“A British al-Qaida sympathiser living in Derby volunteered last year to help with a terrorist attack on targets in Denmark including the offices of the newspaper that published cartoons of the prophet Muhammad, secret documents obtained by the Guardian reveal. A second British man is alleged to have handed over cash for the plot.
The two men were visited in August 2009 by David Headley, an extremist born in Pakistan but raised in the US, where he is now in custody. Headley, who was arrested two months later, was working for Ilyas Kashmiri, a senior Pakistani militant with links to al-Qaida.
Kashmiri, whom al-Qaida leadership figures have named as part of Osama bin Laden’s group, told Headley to focus on a plan to attack the offices of the Danish Jyllands-Posten newspaper, which had published controversial cartoons of the prophet in 2005. He gave Headley $1500 (£954) to finance a surveillance trip. More general attacks in Denmark were also discussed. Headley said he understood that they might involve suicide bombings.
According to the documents, Kashmiri told Headley the two men in Derby – who were originally from Kotli, in north-east Pakistan – would help him. It transpired that one of the men had fallen out with Kashmiri, accusing the militant leader of allowing his son to steal funds for jihad, but he did agree to provide money for the mission; the other man “was available” for the attacks in Denmark, the documents reveal. These are based on 34 hours of interviews with Headley conducted by Indian investigators this summer.
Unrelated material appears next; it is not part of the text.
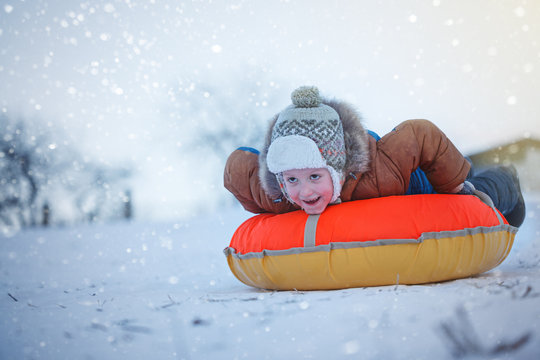 Cute boy sliding with tubing in the snow, wintertime, happiness concept.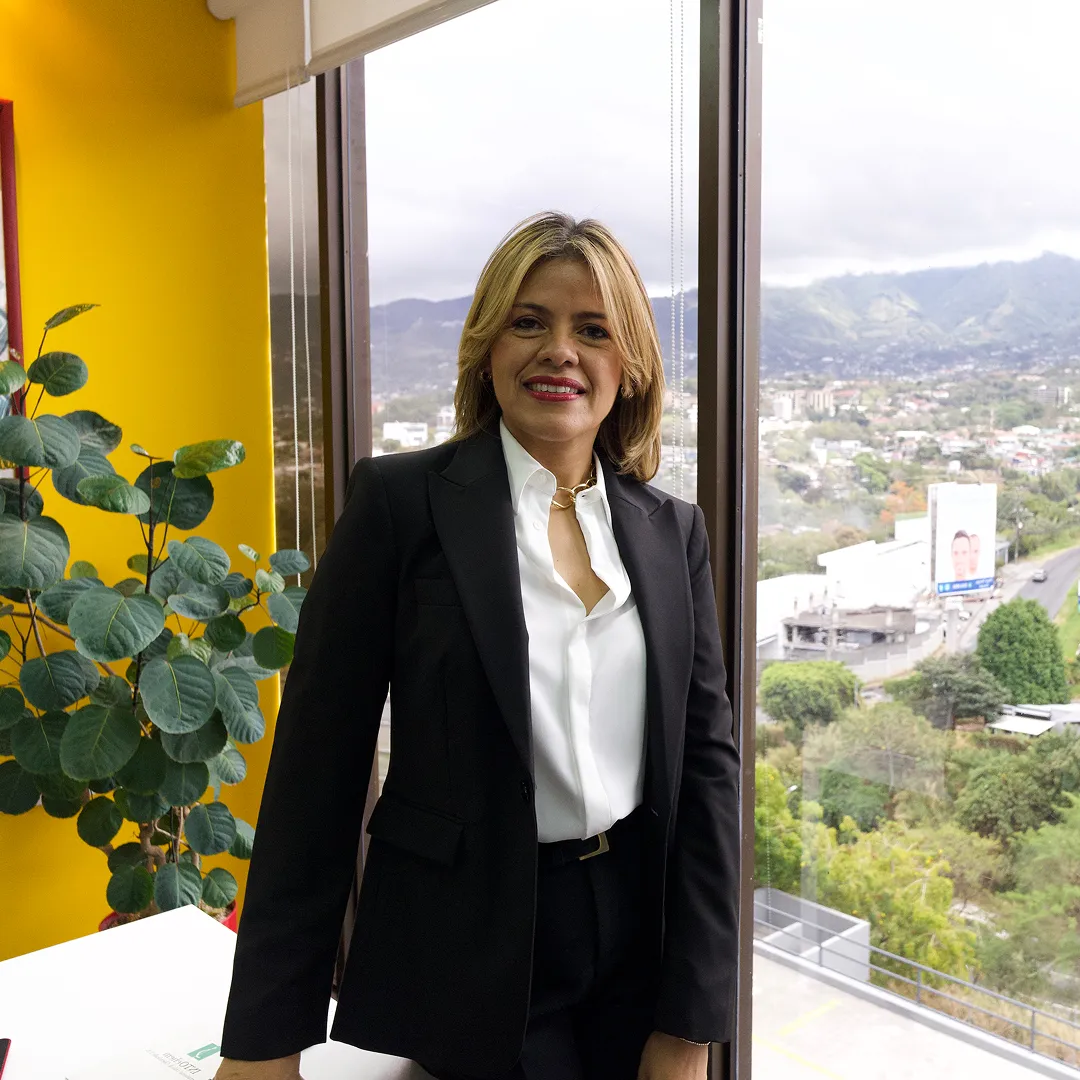 Una mujer ejecutiva sonriente con traje sastre negro y camisa blanca, de pie en una oficina corporativa junto a un gran ventanal con vistas a una ciudad y montañas de fondo.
They also describe in detail how Headley, having been deeply involved with the Lashkar-e-Taiba group in Pakistan and having conducted repeated surveillance trips for the Mumbai attacks, became involved with Kashmiri and, at one remove, al-Qaida. After spending six years with Lashkar, Headley said he became “mentally distanced” from the group and felt that the global agenda of Kashmiri and al-Qaida suited him better.”